Hi zhaopeng_eng,
your understanding of the organization and the shared memory banks seems all correct to me. However, the issue you are seeing is caused by which threads are actually grouped together in a warp. For your block layout of TX=32 and TY=16 you end up with each warp executing one row block.
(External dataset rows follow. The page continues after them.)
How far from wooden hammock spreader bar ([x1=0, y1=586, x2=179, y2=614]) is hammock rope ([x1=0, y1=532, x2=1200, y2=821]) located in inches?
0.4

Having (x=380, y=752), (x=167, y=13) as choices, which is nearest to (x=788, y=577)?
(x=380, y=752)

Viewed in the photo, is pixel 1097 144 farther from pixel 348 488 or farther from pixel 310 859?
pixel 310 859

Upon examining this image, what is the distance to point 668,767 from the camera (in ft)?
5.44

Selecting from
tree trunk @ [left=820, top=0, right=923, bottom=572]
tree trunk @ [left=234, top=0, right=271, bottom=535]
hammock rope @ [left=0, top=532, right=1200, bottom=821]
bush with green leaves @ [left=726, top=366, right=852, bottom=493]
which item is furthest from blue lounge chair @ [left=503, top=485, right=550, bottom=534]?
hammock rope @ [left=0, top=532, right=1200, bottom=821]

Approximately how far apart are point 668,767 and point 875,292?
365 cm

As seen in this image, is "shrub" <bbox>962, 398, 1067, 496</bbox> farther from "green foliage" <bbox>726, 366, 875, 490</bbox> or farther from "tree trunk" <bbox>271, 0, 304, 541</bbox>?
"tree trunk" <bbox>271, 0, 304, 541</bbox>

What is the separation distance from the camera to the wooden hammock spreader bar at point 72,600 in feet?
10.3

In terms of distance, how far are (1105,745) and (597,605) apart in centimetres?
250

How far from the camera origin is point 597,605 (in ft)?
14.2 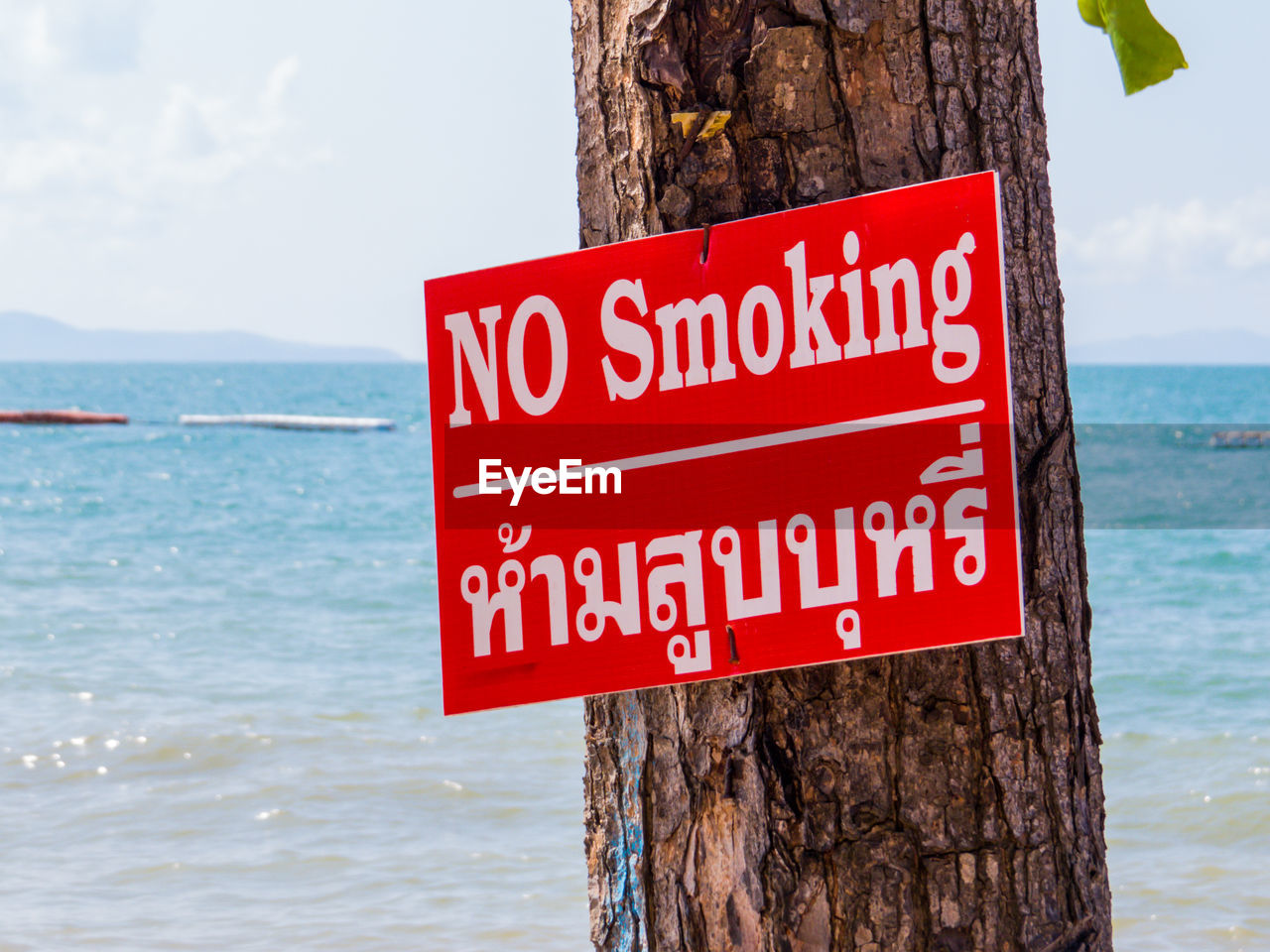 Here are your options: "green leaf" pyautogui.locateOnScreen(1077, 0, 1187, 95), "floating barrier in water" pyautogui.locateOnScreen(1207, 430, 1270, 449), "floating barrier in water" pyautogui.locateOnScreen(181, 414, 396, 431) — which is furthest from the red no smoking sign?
"floating barrier in water" pyautogui.locateOnScreen(181, 414, 396, 431)

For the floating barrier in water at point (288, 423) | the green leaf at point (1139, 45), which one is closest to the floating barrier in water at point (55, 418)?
the floating barrier in water at point (288, 423)

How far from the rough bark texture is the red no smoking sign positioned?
0.05 meters

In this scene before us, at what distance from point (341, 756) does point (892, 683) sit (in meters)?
5.39

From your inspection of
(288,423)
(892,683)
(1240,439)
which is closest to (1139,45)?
(892,683)

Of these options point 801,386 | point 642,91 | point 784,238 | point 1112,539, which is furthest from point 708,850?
point 1112,539

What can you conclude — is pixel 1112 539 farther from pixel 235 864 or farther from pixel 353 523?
pixel 235 864

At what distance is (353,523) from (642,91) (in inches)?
638

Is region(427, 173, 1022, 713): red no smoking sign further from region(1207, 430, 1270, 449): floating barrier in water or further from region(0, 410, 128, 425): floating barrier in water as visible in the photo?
region(0, 410, 128, 425): floating barrier in water

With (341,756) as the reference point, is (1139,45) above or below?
above

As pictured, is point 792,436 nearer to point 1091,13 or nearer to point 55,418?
point 1091,13

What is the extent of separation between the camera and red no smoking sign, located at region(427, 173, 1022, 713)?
860 millimetres

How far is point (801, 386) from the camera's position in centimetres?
90

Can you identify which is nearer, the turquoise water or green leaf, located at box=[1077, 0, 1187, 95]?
green leaf, located at box=[1077, 0, 1187, 95]

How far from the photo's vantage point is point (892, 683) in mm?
910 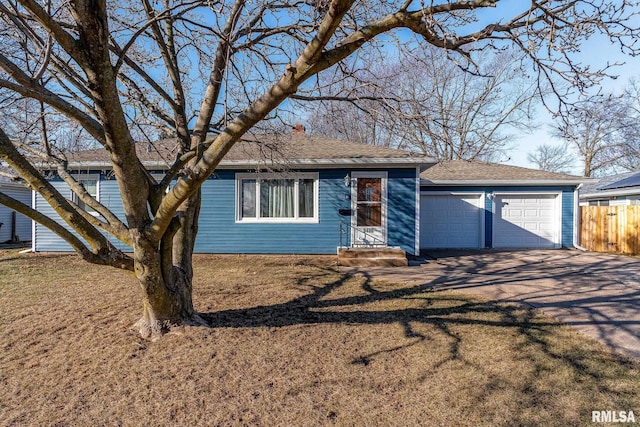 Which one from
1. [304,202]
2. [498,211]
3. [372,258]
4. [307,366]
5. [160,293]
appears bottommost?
[307,366]

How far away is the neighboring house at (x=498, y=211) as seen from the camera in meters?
11.8

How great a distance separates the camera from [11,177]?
3893 mm

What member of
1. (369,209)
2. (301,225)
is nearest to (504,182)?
(369,209)

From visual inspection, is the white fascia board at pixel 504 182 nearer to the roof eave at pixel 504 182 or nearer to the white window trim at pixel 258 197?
the roof eave at pixel 504 182

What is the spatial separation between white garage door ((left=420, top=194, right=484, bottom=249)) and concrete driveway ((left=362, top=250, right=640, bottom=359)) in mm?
983

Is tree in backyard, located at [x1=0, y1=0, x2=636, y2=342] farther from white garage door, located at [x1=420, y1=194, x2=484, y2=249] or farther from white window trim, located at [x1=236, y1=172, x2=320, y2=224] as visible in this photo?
white garage door, located at [x1=420, y1=194, x2=484, y2=249]

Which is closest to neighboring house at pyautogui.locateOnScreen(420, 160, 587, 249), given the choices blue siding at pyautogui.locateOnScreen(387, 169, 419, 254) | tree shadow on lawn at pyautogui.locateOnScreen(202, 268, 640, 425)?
blue siding at pyautogui.locateOnScreen(387, 169, 419, 254)

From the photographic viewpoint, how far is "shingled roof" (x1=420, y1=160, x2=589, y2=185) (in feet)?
38.0

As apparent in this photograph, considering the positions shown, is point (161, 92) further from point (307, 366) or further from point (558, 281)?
point (558, 281)

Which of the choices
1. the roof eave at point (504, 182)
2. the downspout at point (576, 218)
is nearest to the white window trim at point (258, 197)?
the roof eave at point (504, 182)

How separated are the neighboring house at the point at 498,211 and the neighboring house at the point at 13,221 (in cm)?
1631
To print the thread indices, banks, and bank offsets for your code sample for the first warp of the first block, I changed your existing commented debug output to:
if (blockIdx.x == 0 && blockIdx.y == 0 && blockIdx.z == 0 && threadIdx.x < 32 && threadIdx.y == 0) {
const auto index = col_i * (TX + offset) + row_i;
printf("tx[%2d]: %3d bank:%2d offset:%d\n", threadIdx.x, index, index%32, index/32);
}
For the first variant of your code with offset = 0, the printed output is shown in the following:
tx[ 0]: 0 bank: 0 offset:0
tx[ 1]: 32 bank: 0 offset:1
tx[ 2]: 64 bank: 0 offset:2
tx[ 3]: 96 bank: 0 offset:3
tx[ 4]: 128 bank: 0 offset:4
tx[ 5]: 160 bank: 0 offset:5
tx[ 6]: 192 bank: 0 offset:6
tx[ 7]: 224 bank: 0 offset:7
tx[ 8]: 256 bank: 0 offset:8
tx[ 9]: 288 bank: 0 offset:9
tx[10]: 320 bank: 0 offset:10
tx[11]: 352 bank: 0 offset:11
tx[12]: 384 bank: 0 offset:12
tx[13]: 416 bank: 0 offset:13
tx[14]: 448 bank: 0 offset:14
tx[15]: 480 bank: 0 offset:15
tx[16]: 1 bank: 1 offset:0
tx[17]: 33 bank: 1 offset:1
tx[18]: 65 bank: 1 offset:2
tx[19]: 97 bank: 1 offset:3
tx[20]: 129 bank: 1 offset:4
tx[21]: 161 bank: 1 offset:5
tx[22]: 193 bank: 1 offset:6
tx[23]: 225 bank: 1 offset:7
tx[24]: 257 bank: 1 offset:8
tx[25]: 289 bank: 1 offset:9
tx[26]: 321 bank: 1 offset:10
tx[27]: 353 bank: 1 offset:11
tx[28]: 385 bank: 1 offset:12
tx[29]: 417 bank: 1 offset:13
tx[30]: 449 bank: 1 offset:14
tx[31]: 481 bank: 1 offset:15
As you also stated in your comment, this pattern leads to a lot of bank conflicts. More specifically it is a 16-way bank conflict for each warp. We only access 2 banks and have to read 16 unique bank offsets from each of the two banks. If you look on the Source Page, the kernel executes a shared memory load for 655,360 warps. For a 16-way bank conflict that ends up being 16 * 655,360 = 10,485,760 L1 Wavefronts Shared. We classify 15 out of the 16 wavefronts excessive as an ideal memory pattern for this access would only take a single wavefront. Consequently, the metric L1 Wavefronts Shared Excessive ends up being 15 * 655,360 = 9,830,400.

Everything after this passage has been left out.